═════ Records to process

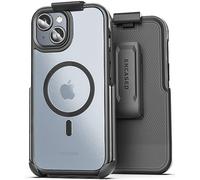 Encased Juego de funda para cinturón diseñado para iPhone 15 con clip, tecnología AirGuard a prueba de golpes (negro/transparente) compatible con MagSafe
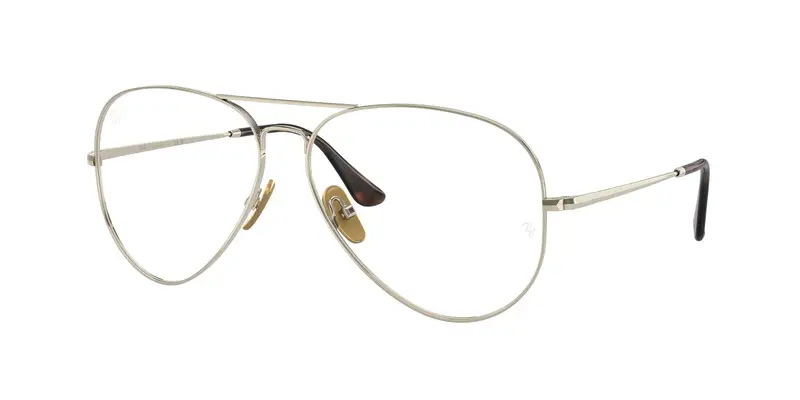 Ray - Ban Unisex RX8789 AVIATOR TITANIUM 1246 Montature da vista Titanio Oro Trasparente Pilot Normale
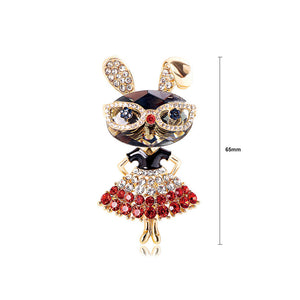 Fashion Cute Plated Gold Rabbit Brooch with Red Cubic Zirconia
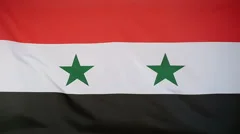 Slowmotion Real Textile Flag Of Syria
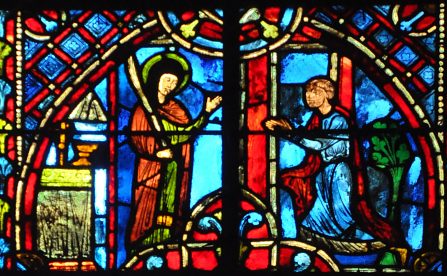Le Miracle de Théophile, détail de la verrière Le Miracle de Théophile, détail de la verrière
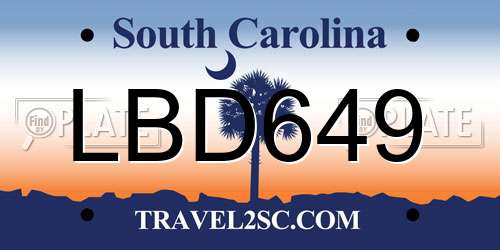 LBD649 South Carolina License Plate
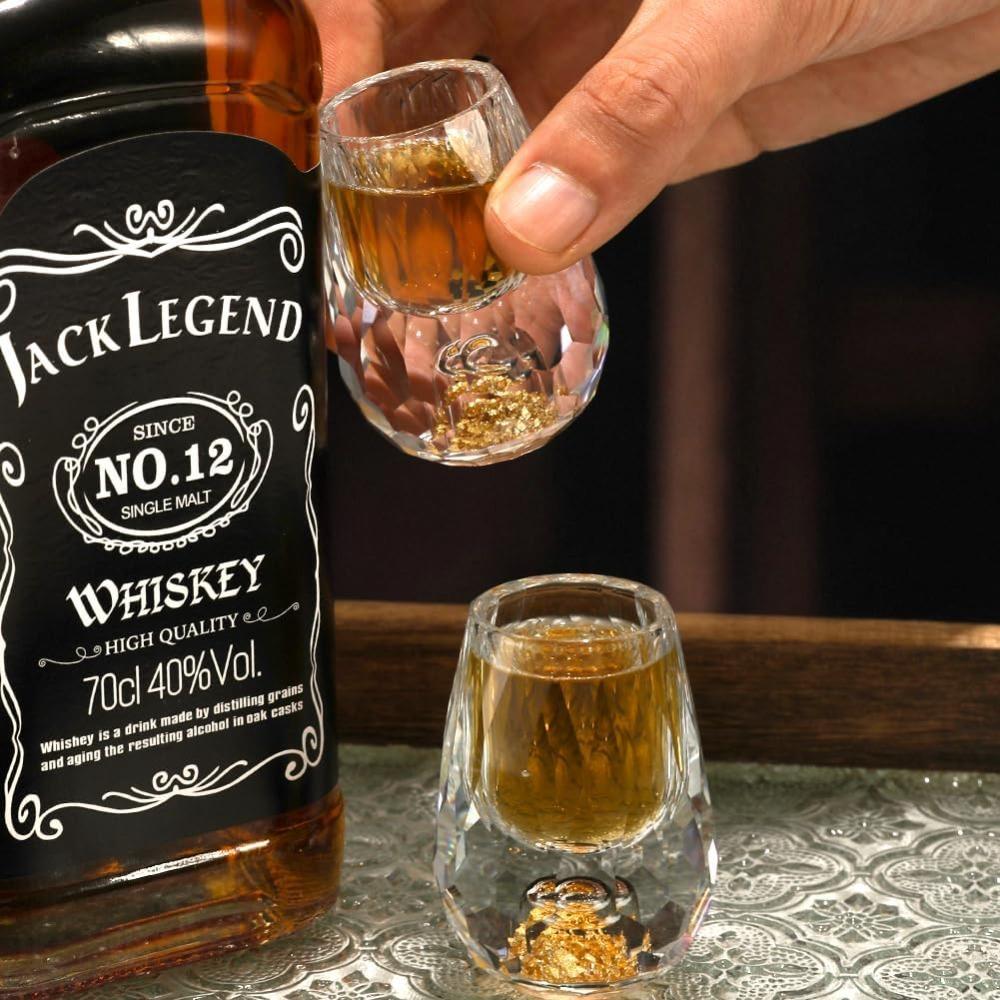 15 мл Хрустальный бокал для вина с золотой фольгой Набор из 1/2/6 штук, Роскошный бокал для виски, Не содержит БФА, Подходит для коллекции, украшения и празднования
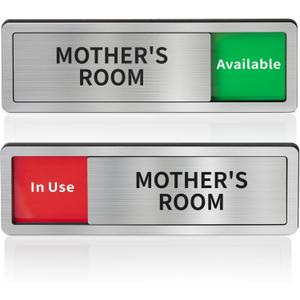 Mother's Room Door Signs, Do Not Disturb,Breastfeeding Door Sign, In Use/Available Slider Sign for Lactation Room, Privacy Vacant Occupied Nursing SignsBrushed Silver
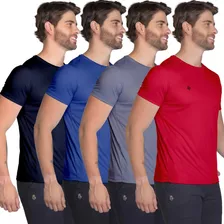 Kit 4 Camisetas Dry Fit Masculina Básica Academia Esportiva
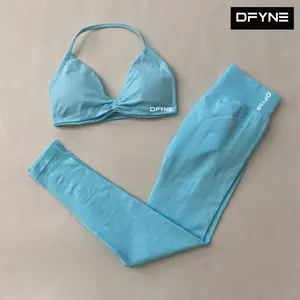 DFYNE Seamless Mini Sports Bra & High-Stretch Leggings Set for Women – Matte Yoga & Workout Activewear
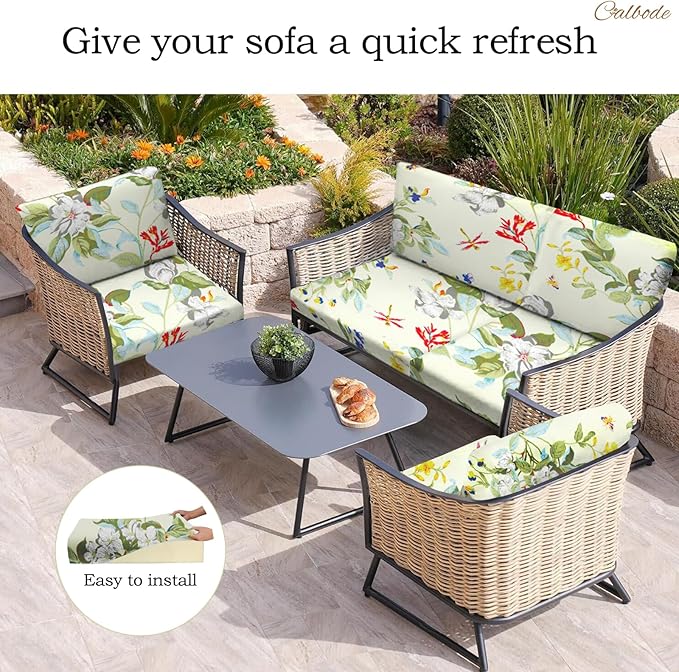 8 Pcs Stretch Sofa Cushion Cover for Patio Floral Waterproof Outdoor Sofa Seat Cushions Covers Summer Tropical Flower Indoor Replacement Couch Slipcover Flexibility Chair Seat Cover - Image 5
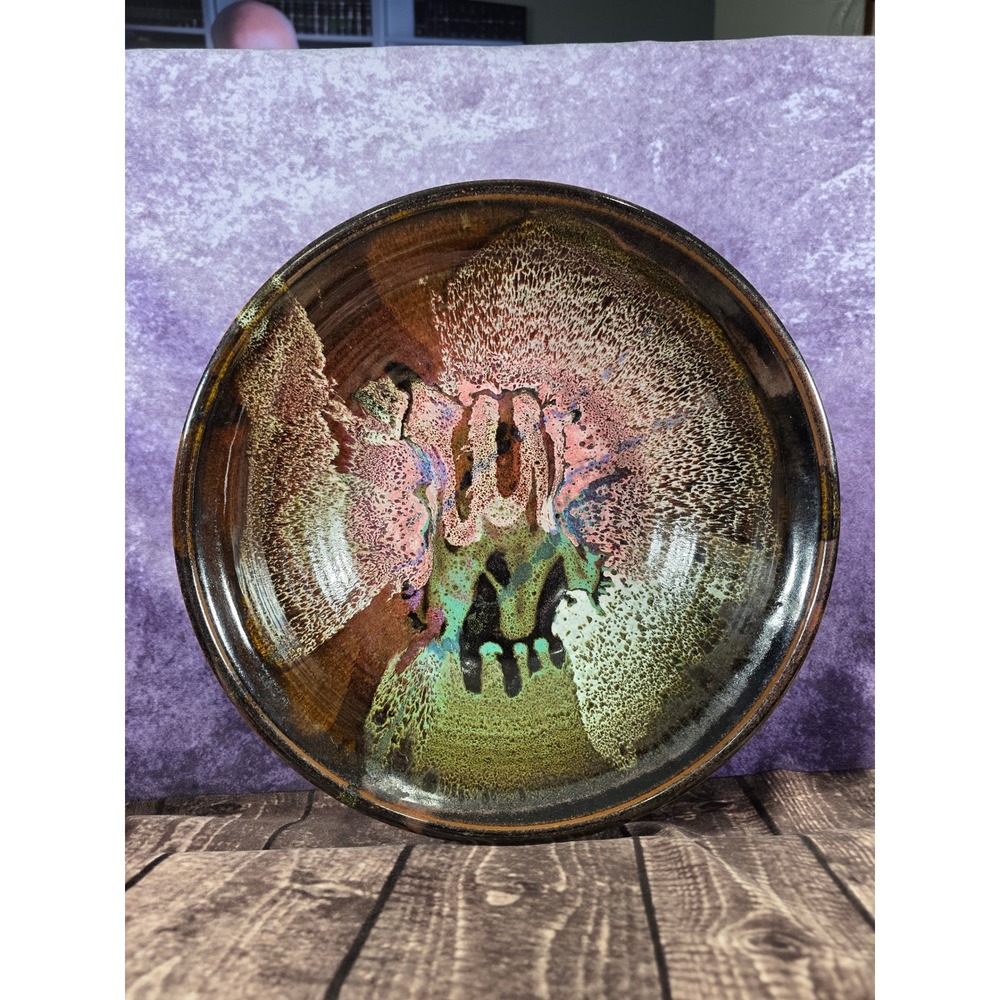 Paul Park City Utah Studio Pottery Hand Signed Glazed Stoneware Bowl Multi-Color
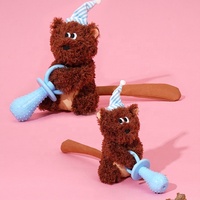 Jouet en peluche pour chien en forme d'écureuil bébé, durable, couineur, interactif, avec sucette, pour chiots et chiens de petite et moyenne taille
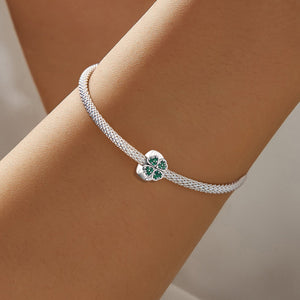 925 Sterling silver four-leaf clover charm bead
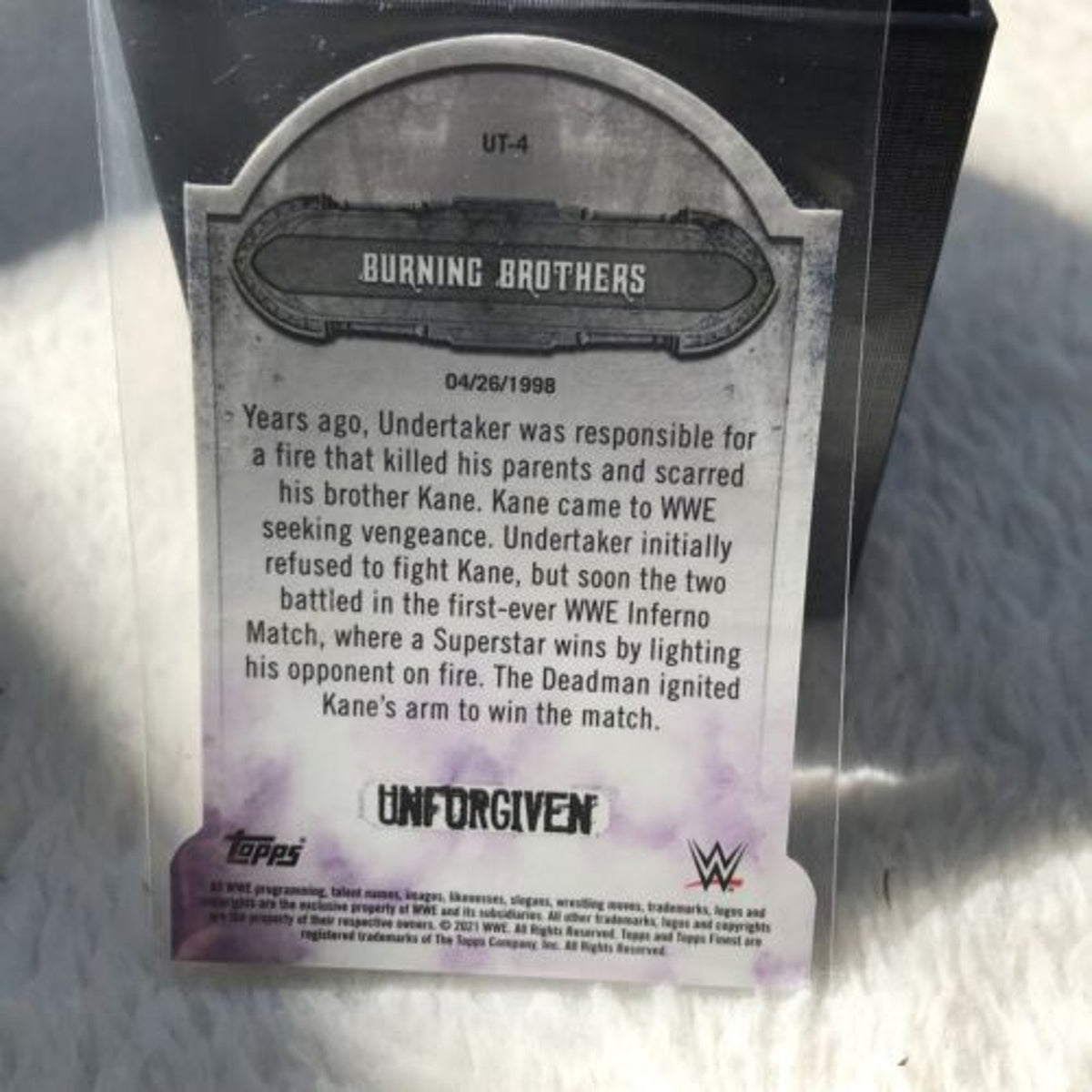 Refractor Card THE UNDERTAKER 2021 Topps WWE Finest Burning Brothers Unforgiven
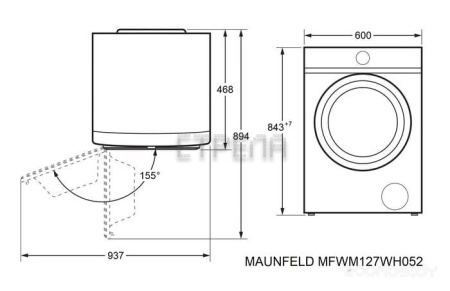 Стиральная машина Maunfeld MFWM127WH052 (КА-00019776)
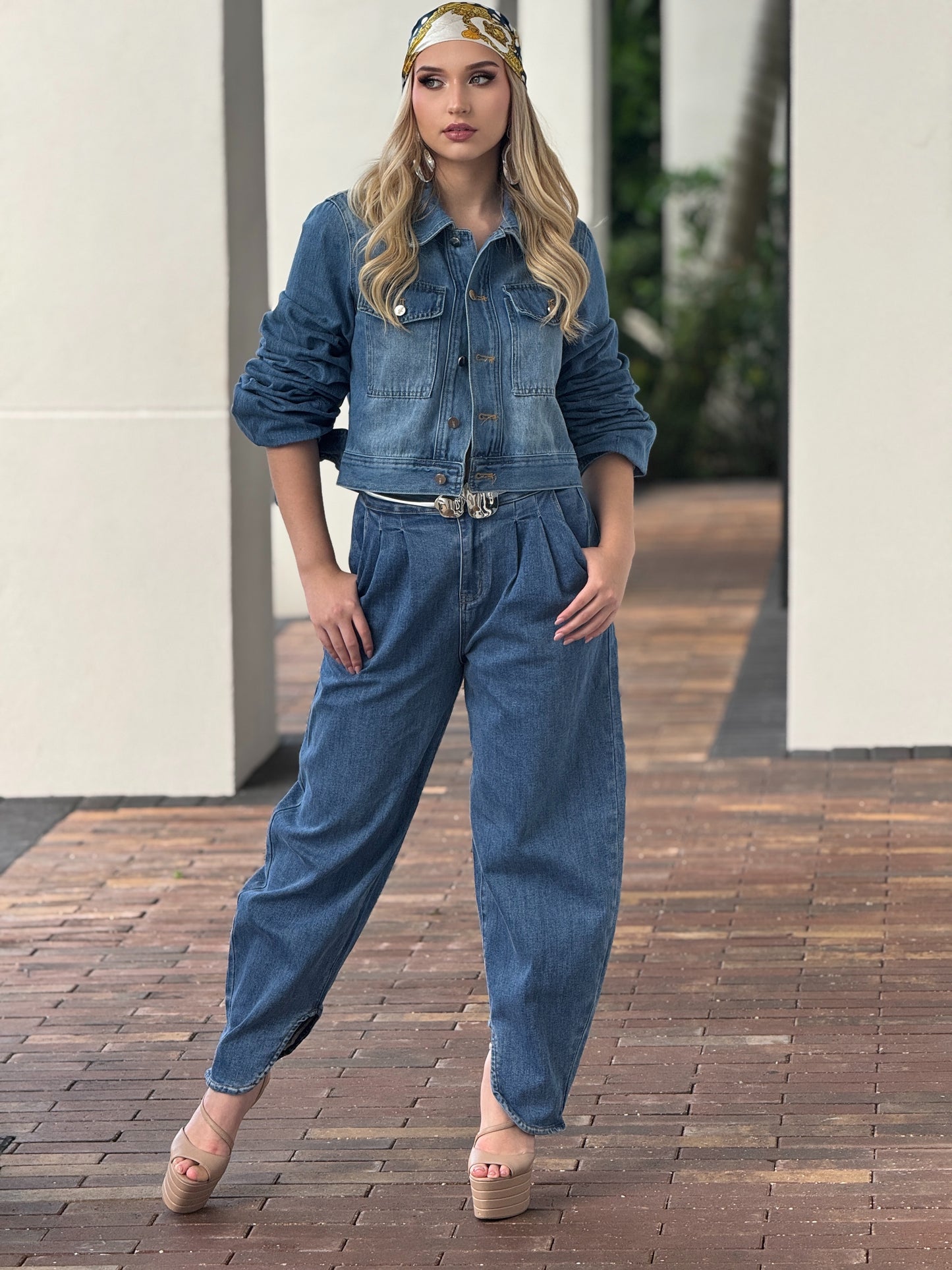 Shirley Denim Barrel Pants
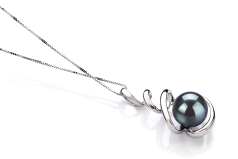 8-9mm AAA Quality Japanese Akoya Cultured Pearl Pendant in Eldova Black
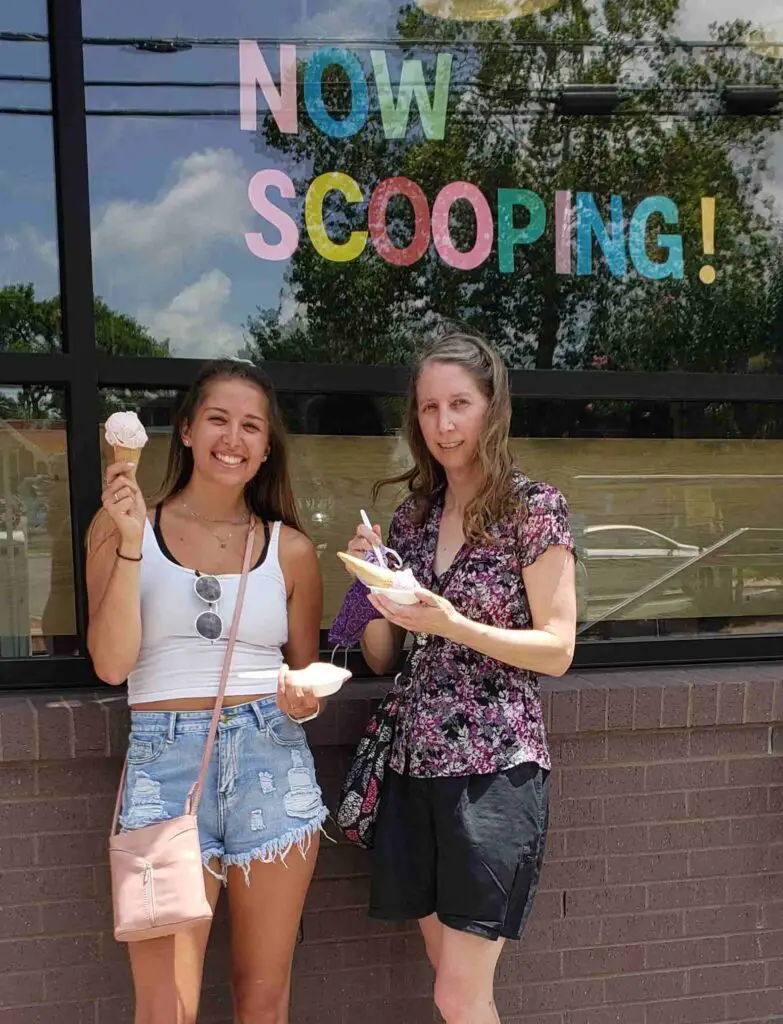 2 cones of ice cream in front of the shop on 12 south in Nashville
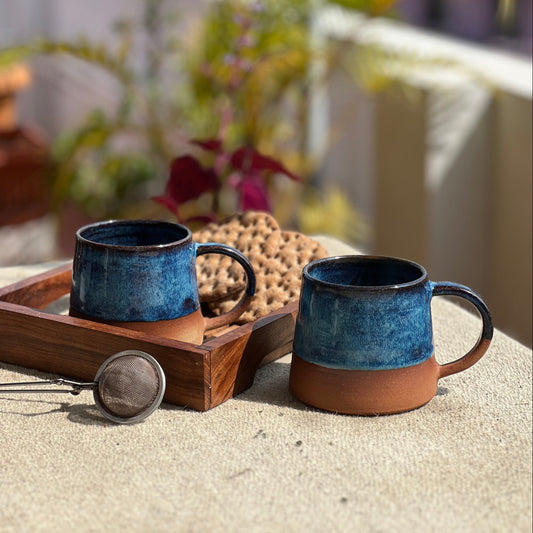 Cerulean Blue Ceramic Coffee Mug Set of Two – 250ml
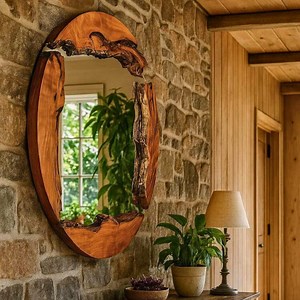 Wood Mirror, Olive Wood Round Wall Mirror, Wooden Frame Wall Mirror, Round Wood Mirror, Live Edge Wood Wall Mirror, Small-large Wall Mirror - Etsy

══════════

Exercise brief: Working from the entries above, reproduce exactly and only the lines beginning with the line that has "Kit 4 Camisetas" and ending with the line that has "Cerulean Blue Ceramic"; omit all pictures.

Response to this exercise:
 Kit 4 Camisetas Dry Fit Masculina Básica Academia Esportiva
 DFYNE Seamless Mini Sports Bra & High-Stretch Leggings Set for Women – Matte Yoga & Workout Activewear
 8 Pcs Stretch Sofa Cushion Cover for Patio Floral Waterproof Outdoor Sofa Seat Cushions Covers Summer Tropical Flower Indoor Replacement Couch Slipcover Flexibility Chair Seat Cover - Image 5
 Paul Park City Utah Studio Pottery Hand Signed Glazed Stoneware Bowl Multi-Color
 Jouet en peluche pour chien en forme d'écureuil bébé, durable, couineur, interactif, avec sucette, pour chiots et chiens de petite et moyenne taille
 925 Sterling silver four-leaf clover charm bead
 Refractor Card THE UNDERTAKER 2021 Topps WWE Finest Burning Brothers Unforgiven
 Стиральная машина Maunfeld MFWM127WH052 (КА-00019776)
 Shirley Denim Barrel Pants
 8-9mm AAA Quality Japanese Akoya Cultured Pearl Pendant in Eldova Black
 2 cones of ice cream in front of the shop on 12 south in Nashville
 Cerulean Blue Ceramic Coffee Mug Set of Two – 250ml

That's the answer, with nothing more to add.